Me odio, suelta entre
lágrimas secas. Su rostro se escapa entre sus piernas, cuando su vergüenza le
juega una mala pasada. Si pudiera, usaría la táctica del bicho bolita. Pero a
ella no la amenaza un dedo humano que busca molestar. Sus propias historias le
vienen saliendo de adentro y la dejan maleable a los juegos de extraños que
intentan participar de su vida, sin entender que ella no quiere que participen.
Quiere que sean parte, aunque le cueste pedirlo, aunque lo haga de manera
silenciosa y lo niegue cuando el otro u otra la descubre. Me odio, me dijo
nuevamente al contarme que era imperfecta, que los valores que prodiga y reparte
no los pudo respetar por culpa de algo que la tiene a tumbos entre soledades
compartidas, esas que nos juegan malas pasadas en la cabeza.
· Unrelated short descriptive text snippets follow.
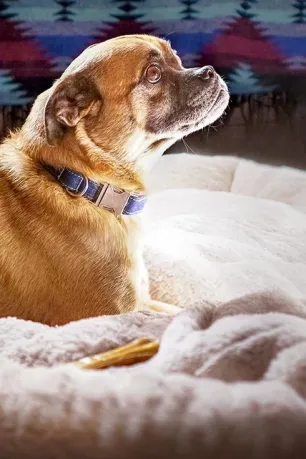 It's Bruno! (season 1)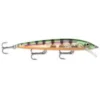 Big Eye Spinnerbaits Glass Perch Husky Jerk 1 Big Eye Spinnerbaits Glass Perch Husky Jerk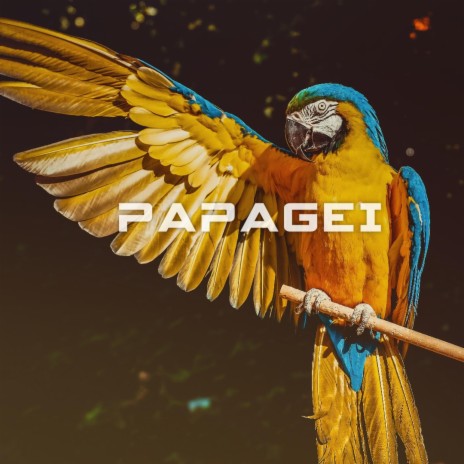 Papagei | Boomplay Music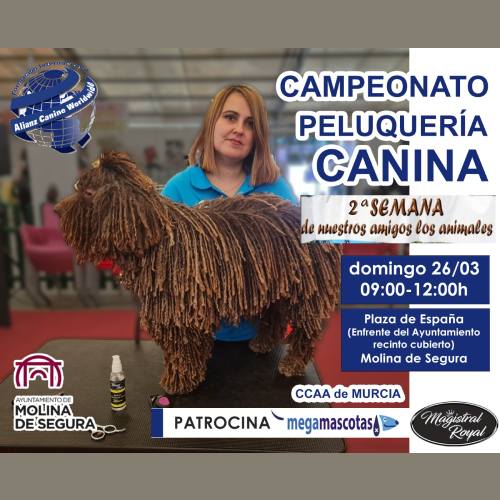 ven a disfrutar de la peluquería canina el 26 de marzo en Murcia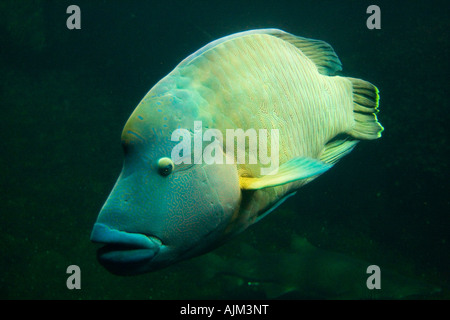 Un pesce napoleone pesce noto anche come o humphead Maori wrasse che è altamente specie in via di estinzione catturati per le sue labbra e gli occhi Foto Stock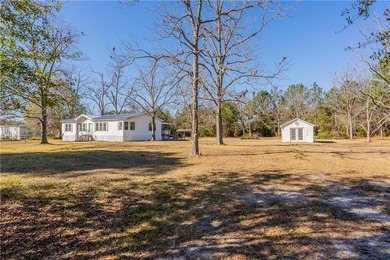 (private lake, pond, coastal) Home For Sale in Waycross Georgia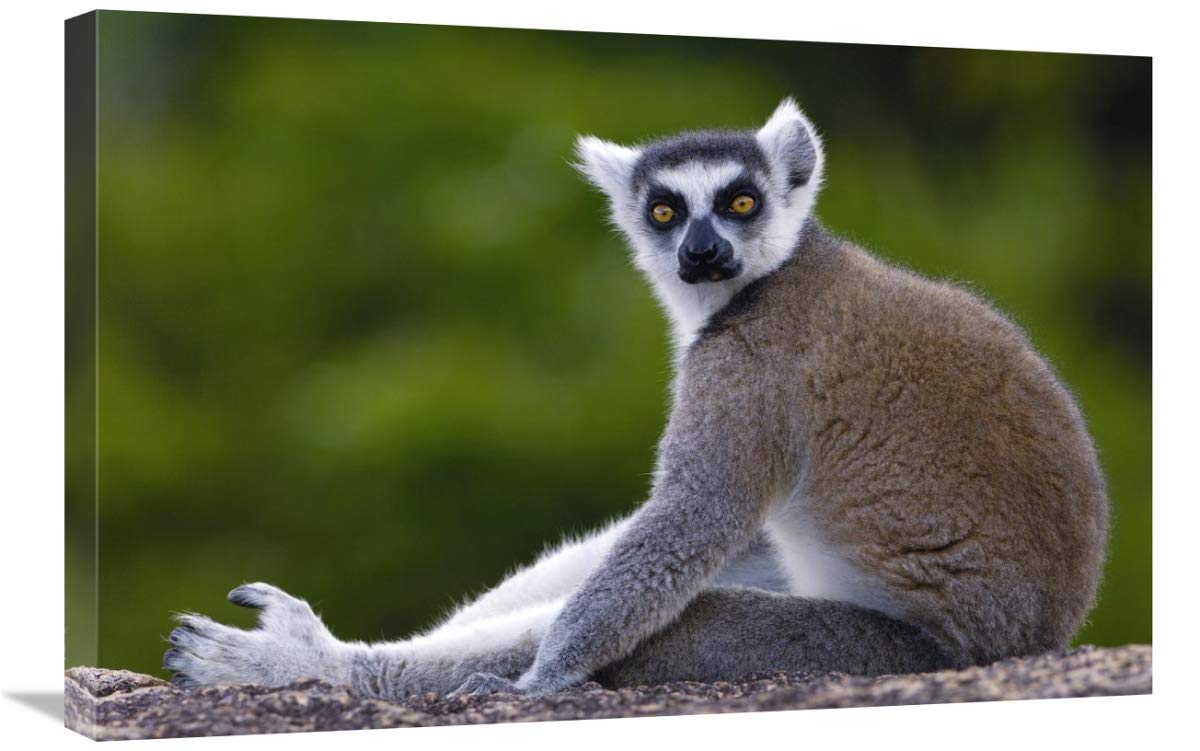 Ring-tailed Lemur portrait in the Andringitra Mountains, Madagascar-Canvas Art-30x20”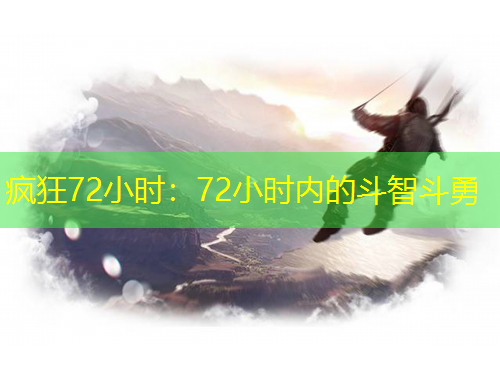 瘋狂72小時：72小時內(nèi)的斗智斗勇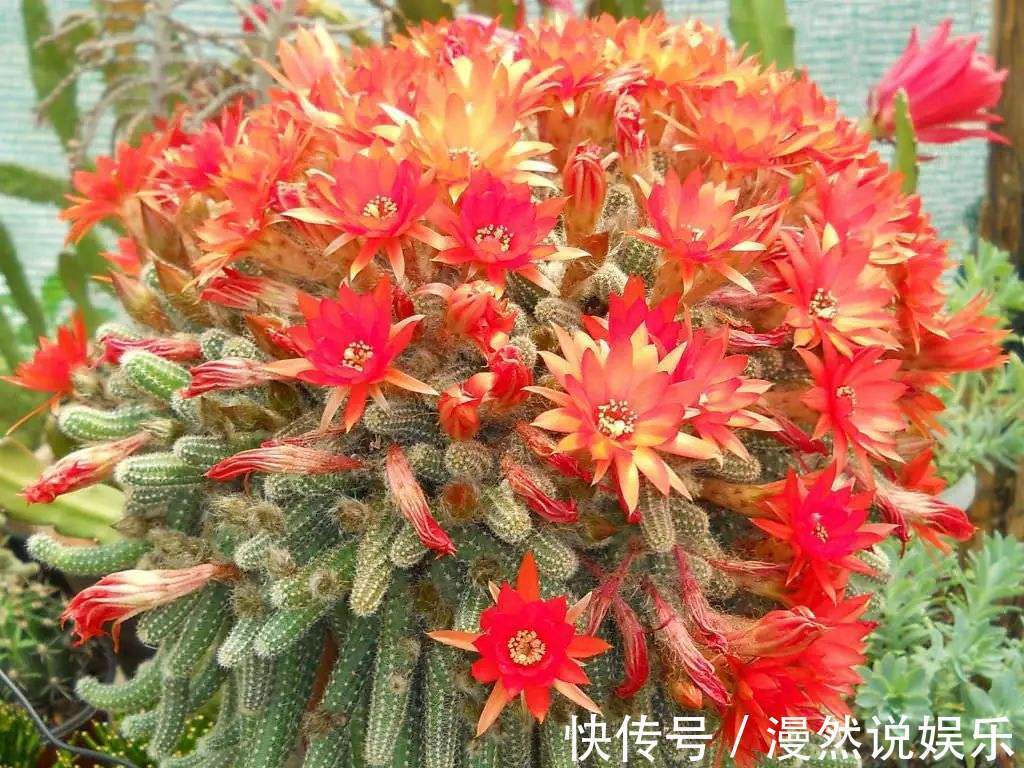 爆盆|白檀仙人掌一折腾,呼呼爆崽,盆都快放不下!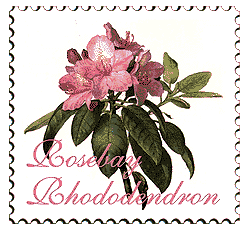 © 1998 WriteLine. Rosebay Rhododendron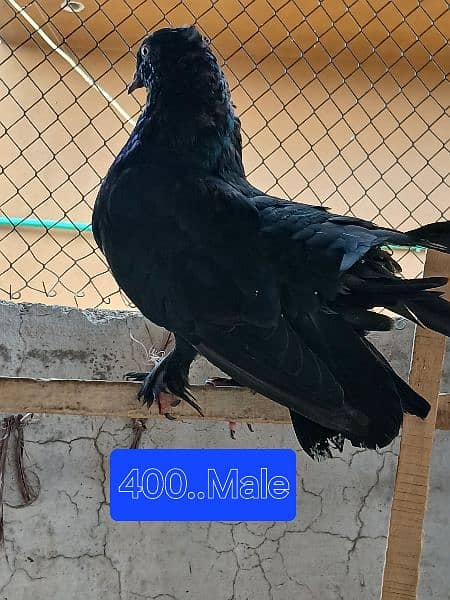 Pigeons for sale. . . . urgent sale From Peshawar 12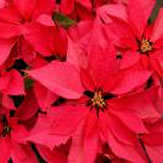 Grow the best Poinsettia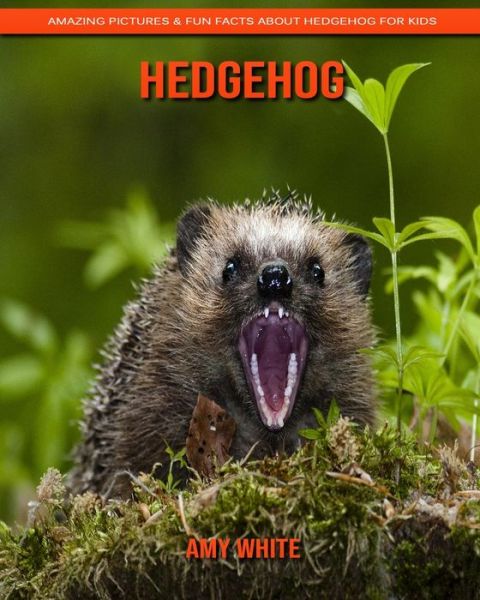 Cover for Amy White · Hedgehog (Paperback Book) (2020)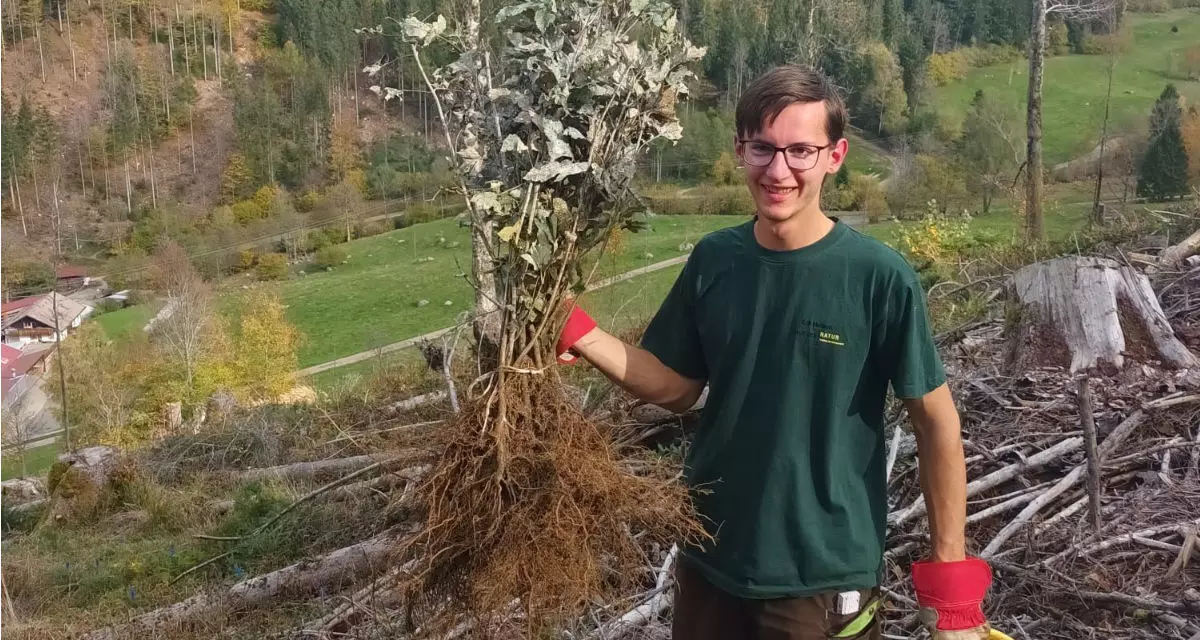 Auf den von Borkenkäfern verwüsteten ehemaligen Waldstücken im Zastlertal nahe Oberried pflanzt Erik neue Bäume.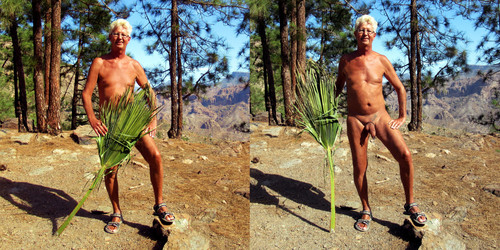 norbert kempe 493 1.jpg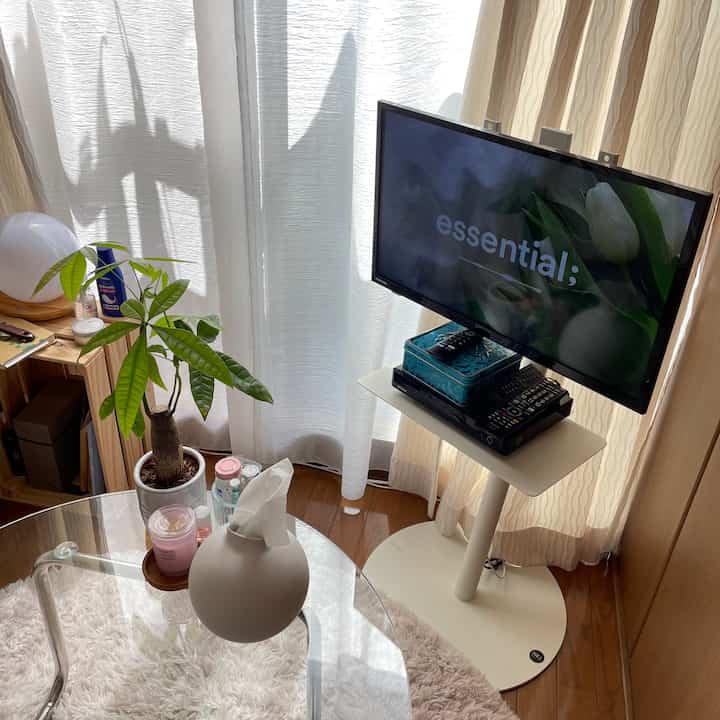 白と木目調の調和があるリビング、テレビ台と植物が配置されたシンプルで落ち着いた空間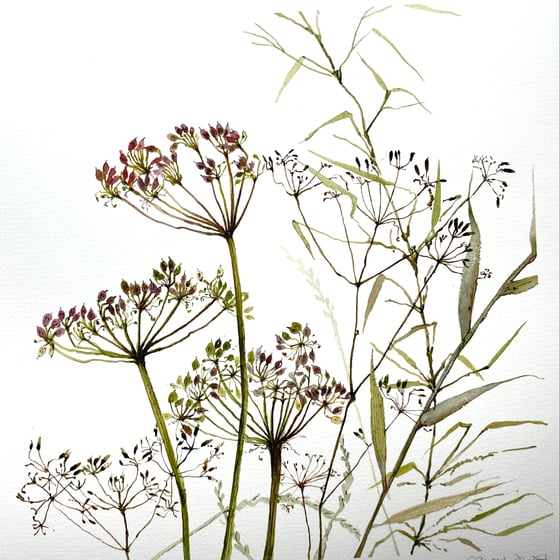 Image of Hedgerow 2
Esa que siempre
nos dice que la tenemos bajo control, para hacer con nosotros lo que quiere. Se rearma y pelea, una vez más, una de tantas
batallas que le quedan para llegar a donde quiere y llegará. Hace tiempo que
encara esta vida con una armadura puesta. Pero eligió equivocadamente el
material y la hizo de papel. Y luego de cada golpe, como el de esta vez, tiene
que volver a hacer la armadura. Por qué no cambia entonces, y se hace de algo
más fuerte para que no le duela tanto todo, aunque sólo llore cuando no le
queda más lugar para la angustia. Me fue difícil encontrar una respuesta.
Pienso y re pienso que no quiere, porque cuando la armadura se hace de metal
los golpes no nos pegan, no nos lastiman, pero también nos perdemos de las
caricias. Y quién puede considerar a eso vida.